■ **Data shown**
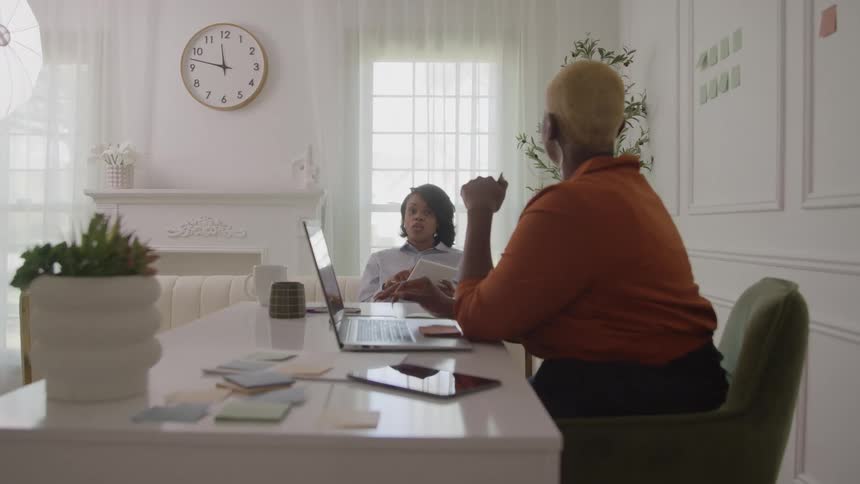 Two women sit across a white table from each other in a brightly lit room the woman in the foreground faces away and gestures while speaking one woman holds a tablet and looks at the speaker a laptop and various office supplies are on the table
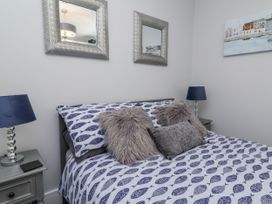 A bedroom with a bed and mirrors at Beach Hideaway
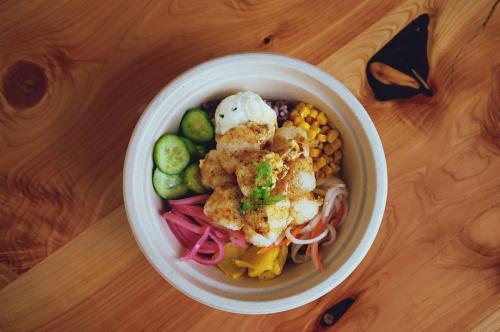 A colorful bowl of rice topped with fried fish, cucumbers, corn, pickled onions, and various vegetables.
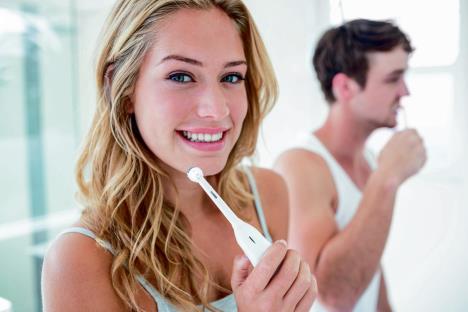 stockphotoyoungcouplebrushingtheirteethathomeinthebathroom557049502.jpg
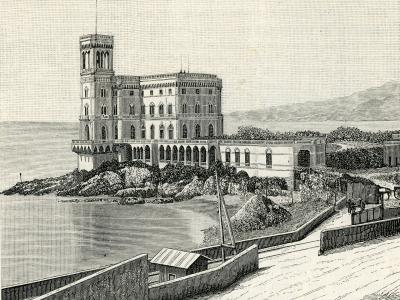 A vintage engraved illustration of a large, multi-story castle with a prominent square tower and arched windows, situated on a rocky promontory directly overlooking the sea, with a coastal road and small boat in the foreground.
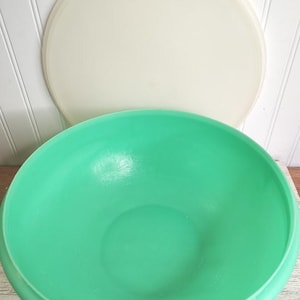 May include: A vintage green mixing bowl with a matching off-white lid. The bowl is a vibrant shade of green, and the lid is a soft, creamy color. The bowl and lid are made of a durable material, perfect for kitchen use.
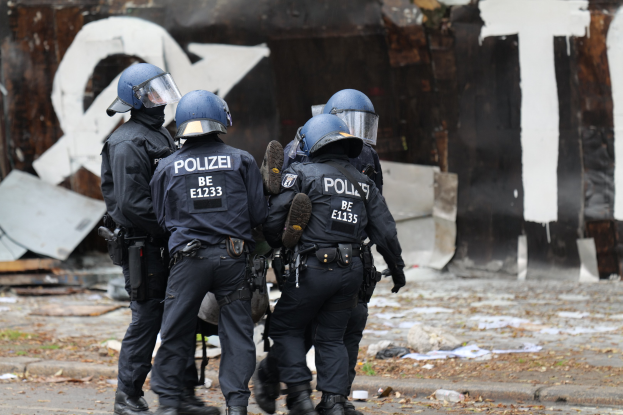 Polizeibeamte in schwarzen Uniformen und blauen Helmen stehen vor einem Gebäude mit Graffiti, umgeben von verstreuten Papieren und Gegenständen.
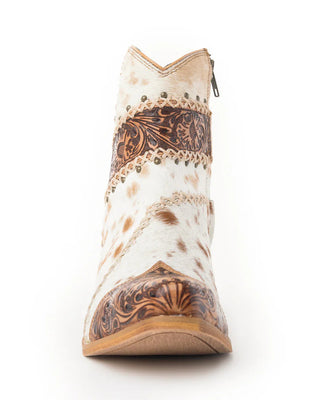 A single western-style ankle boot shown from the front on a white background. The boot features a white and tan cowhide pattern with dark brown tooled leather detailing around the collar, vamp, and quarter panels, and a small silver zipper at the top.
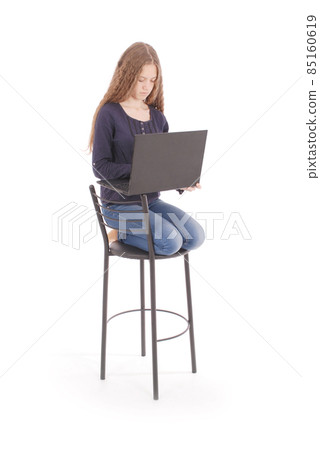 Girl sits on a chair and holding a laptop computer 85160619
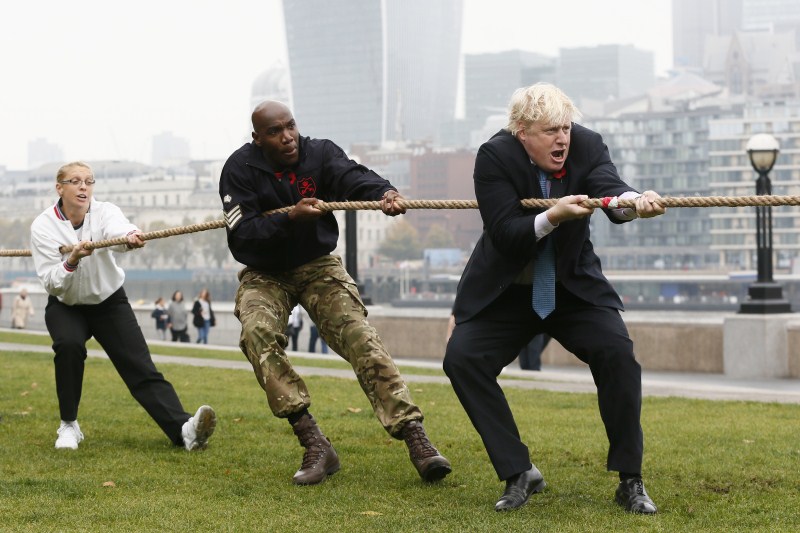 London mayor Boris Johnson has taken a tumble as he competed in a tug of war against members of the armed forces. London Poppy Day,London Poppy Day 2015,Boris Johnson,London mayor Boris Johnson,tug of war
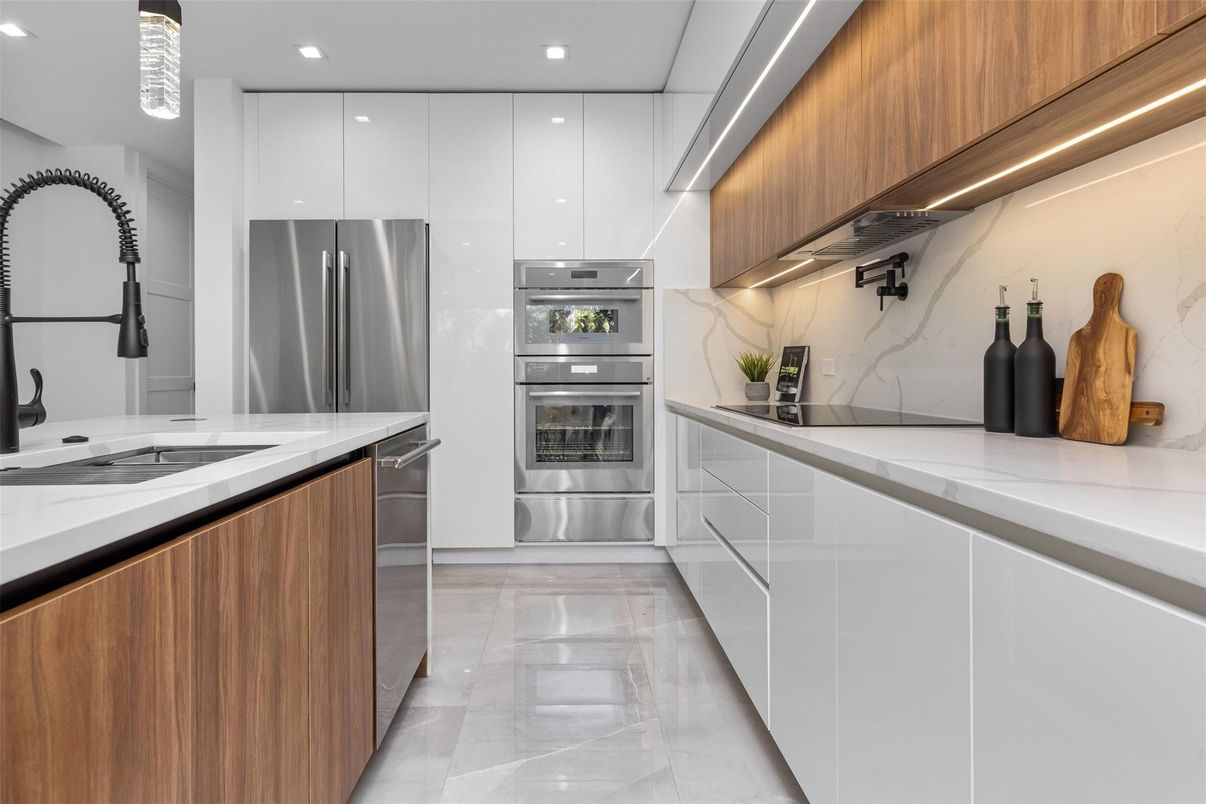 Interior, Kitchen, Marble, Marble Walls, Recessed Lighting, Stainless Steel Appliances
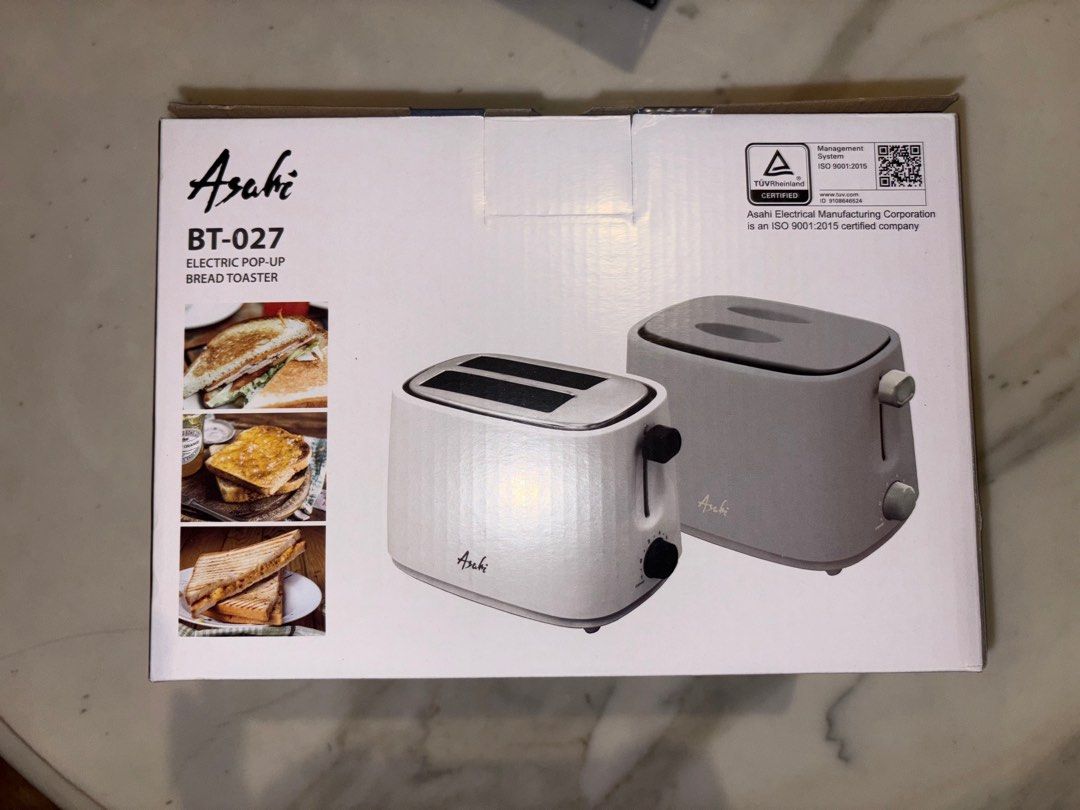 Asahi Toaster BT07 (Category: Ovens & Toasters) located in Quezon City. Submitted by thrifty.peachy (Listing ID 1375605764, Image 1). Description: Asahi BT07 Toaster Brand New, Won in Raffle Product Description: Pop-Up Bread Toaster 2 bread slice capacity 750W 6 toasting settings Stainless steel top plate Cord winder storage Easy open hinged crumb trays With cover Double insulated AC cord Dimensions: 25 x 14.6 x 16.8 cm (L x W x H).
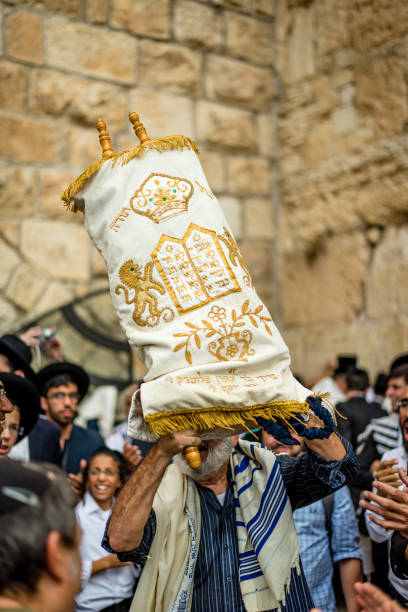 Holding up Torah Scroll at the Western Wall JERUSALEM - Oct 19 2016: Jewish man dancing with Torah scroll for Simchat Torah holiday, Kotel/Western or Wailing Wall simchat torah photos stock pictures, royalty-free photos & images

■ **Task item**
An exact copy is required of the lines from the one holding "London mayor Boris Johnson has" to the end of the entries above, both included; no pictures belong in it.

■ **Solution to the exercise**
 London mayor Boris Johnson has taken a tumble as he competed in a tug of war against members of the armed forces. London Poppy Day,London Poppy Day 2015,Boris Johnson,London mayor Boris Johnson,tug of war
 Interior, Kitchen, Marble, Marble Walls, Recessed Lighting, Stainless Steel Appliances
 Asahi Toaster BT07 (Category: Ovens & Toasters) located in Quezon City. Submitted by thrifty.peachy (Listing ID 1375605764, Image 1). Description: Asahi BT07 Toaster Brand New, Won in Raffle Product Description: Pop-Up Bread Toaster 2 bread slice capacity 750W 6 toasting settings Stainless steel top plate Cord winder storage Easy open hinged crumb trays With cover Double insulated AC cord Dimensions: 25 x 14.6 x 16.8 cm (L x W x H).
 Holding up Torah Scroll at the Western Wall JERUSALEM - Oct 19 2016: Jewish man dancing with Torah scroll for Simchat Torah holiday, Kotel/Western or Wailing Wall simchat torah photos stock pictures, royalty-free photos & images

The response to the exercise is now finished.